En attendant, on se dirige vers Genius pour comprendre que la chanson fait référence à Son OVO, le label de Drake, et aux taupes qui sont là et travaillent pour le camp de Lamar. Quant à son titre, il fait autant référence aux anciens titres des projets de Drake (« 5AM in Toronto », « 4PM in Calabasas », etc.) qu’à la fête des pères, et donc à Adonis, le fils de Drake. qui avait joué un rôle central dans la bataille de Drake / Pusha T il y a quelques années, et qui a été visé par « l’euphorie » lorsque Kendrick Lamar a remis en question les talents paternels de Drake – et c’est vrai que notre Aubrey n’est pas le père de l’année.
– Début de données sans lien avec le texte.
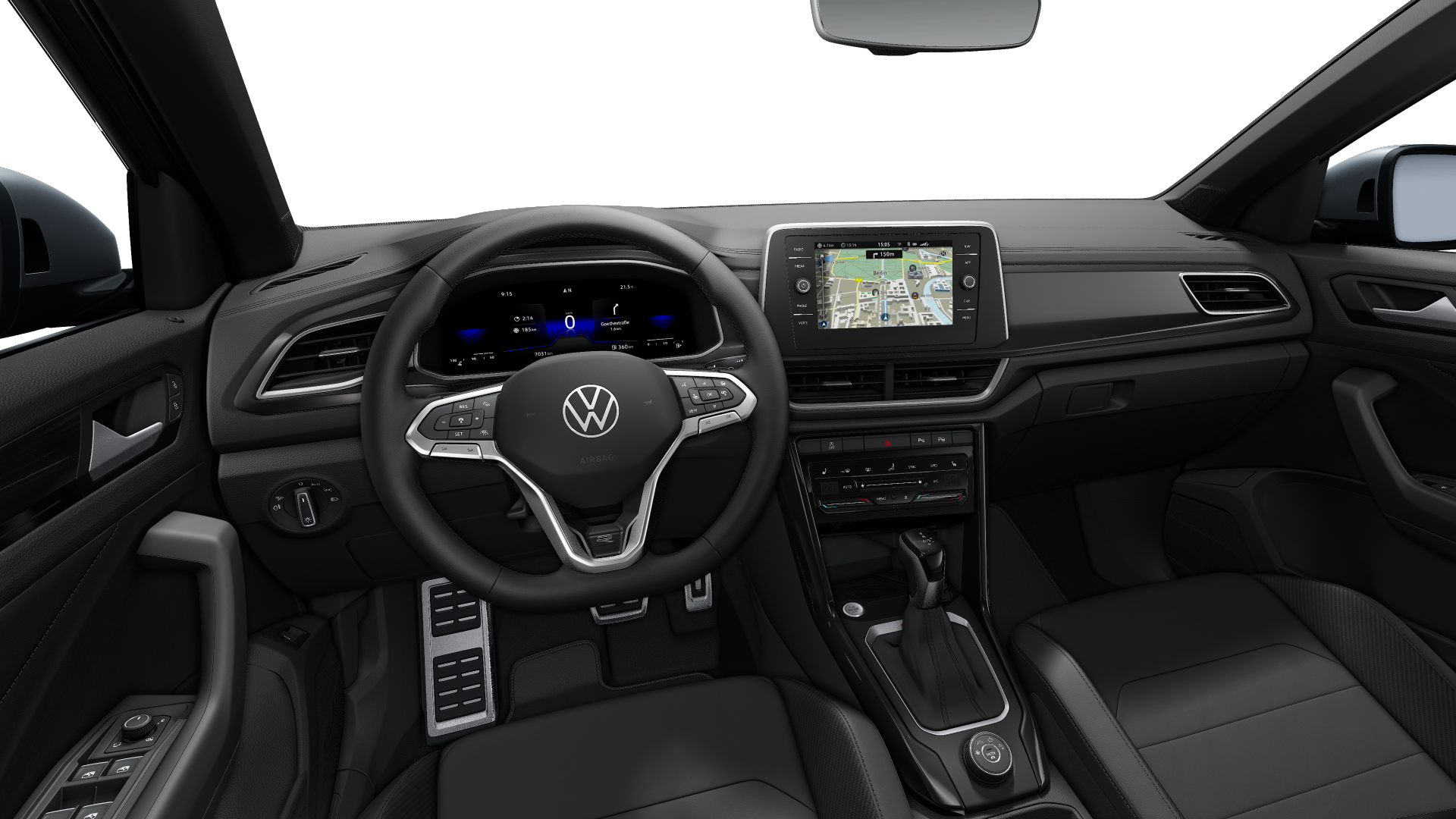 Volkswagen T-Roc 2.0 TDI 4Motion DSG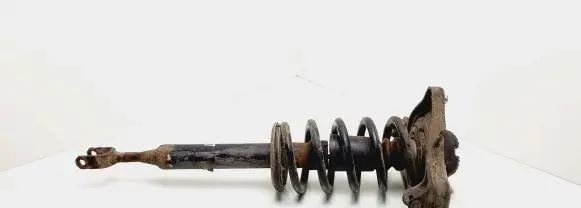 Audi A4 S4 B6 8E 8H Front shock absorber with coil spring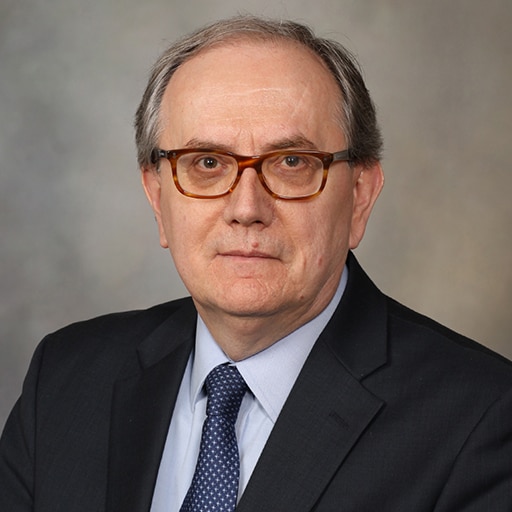 Zvonimir Katusic, M.D., Ph.D.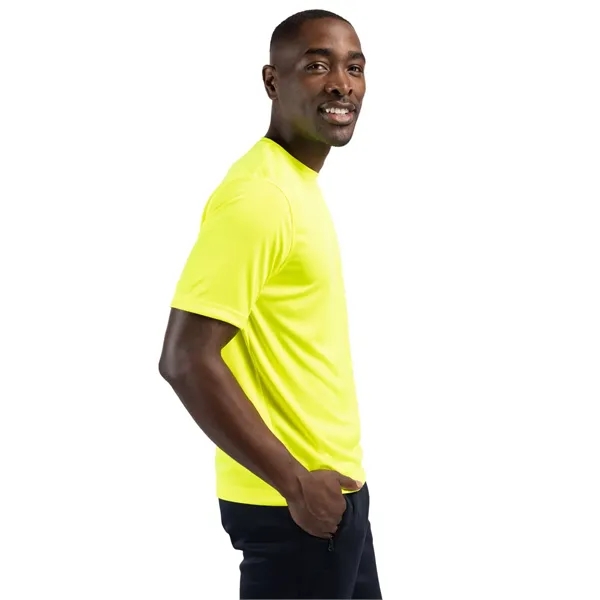 Men's t-shirt with short sleeves.... from ASI 47965 Cutter & Buck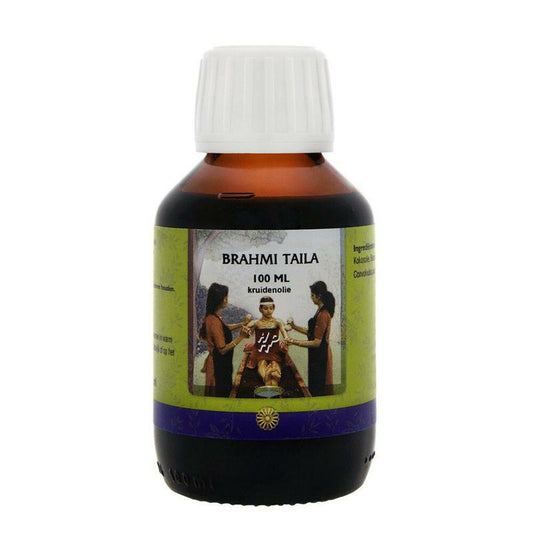 Holisan Brahmi taila 100ml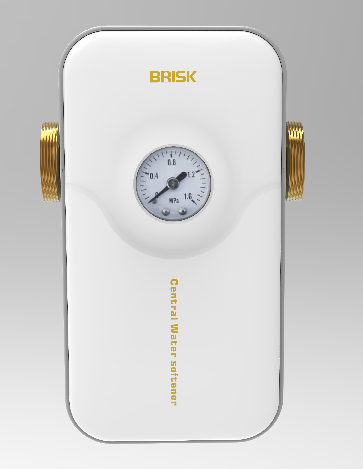 Whole House Water Softener Умягчитель воды для всего дома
Et la dimension familiale de cette affaire, Drake a dû la digérer aussi bien que le grec que tu as mis en fin de soirée. C’est bien connu : on ne touche pas à la famille et il ne lui a fallu que quelques heures pour sortir un « Family Matters » qui commence par ces mots : “Tu as mentionné ma semence, maintenant occupe-toi de son père / Je dois aller mal, je dois aller mal”. Et c’est là qu’on sent que tout est possible.

En tout cas, sur 7 minutes plus énergiques que ses trois derniers albums réunis, Drake tire à balles réelles et n’épargne personne : Métro Boomin a Rick Ross En passant par Avenir, chacun a ce qu’il mérite, même si ce n’est jamais très élégant. Et puis histoire de remettre une bonne grosse pièce dans la machine, il termine en sous-entendant que, non content d’avoir trompé son partenaire actuel, Kendrick Lamar a été violent par le passé (« Ils ont embauché une équipe de gestion de crise / Pour nettoyer le fait que tu as battu ta reine »).

Et c’est là qu’on se dit que dans les deux camps, il faut passer son temps à chasser la rumeur dégoûtante et à concocter des punchlines qui tuent. Car moins d’une heure plus tard (!), Kendrick Lamar envoyait déjà sa réponse à Drake, sous la forme d’un nouveau morceau intitulé « meet the grahams » et produit par L’alchimiste. Et si Kendrick Lamar garde son calme, les attaques sont plus frontales que jamais, et ciblent l’entourage de Drake, Kendrick Lamar s’adressant directement à Adonis (« Cher Adonis, je suis désolé que cet homme soit ton père, laisse-moi être honnête / Il prend un homme pour être un homme, ton père ne réagit pas”) et à la mère de Drake (“Chère Sandra, ton fils a des habitudes, j’espère que tu ne les sape pas / Surtout avec toutes les filles qui souffrent dans ce climat) . Et puis comme pour nous faire comprendre qu’il a tout dit sur Drake et sa toxicité, il termine par cette phrase, élégante et percutante comme son auteur : “Fuck a rap battle / This a lifelong battle with yourself”.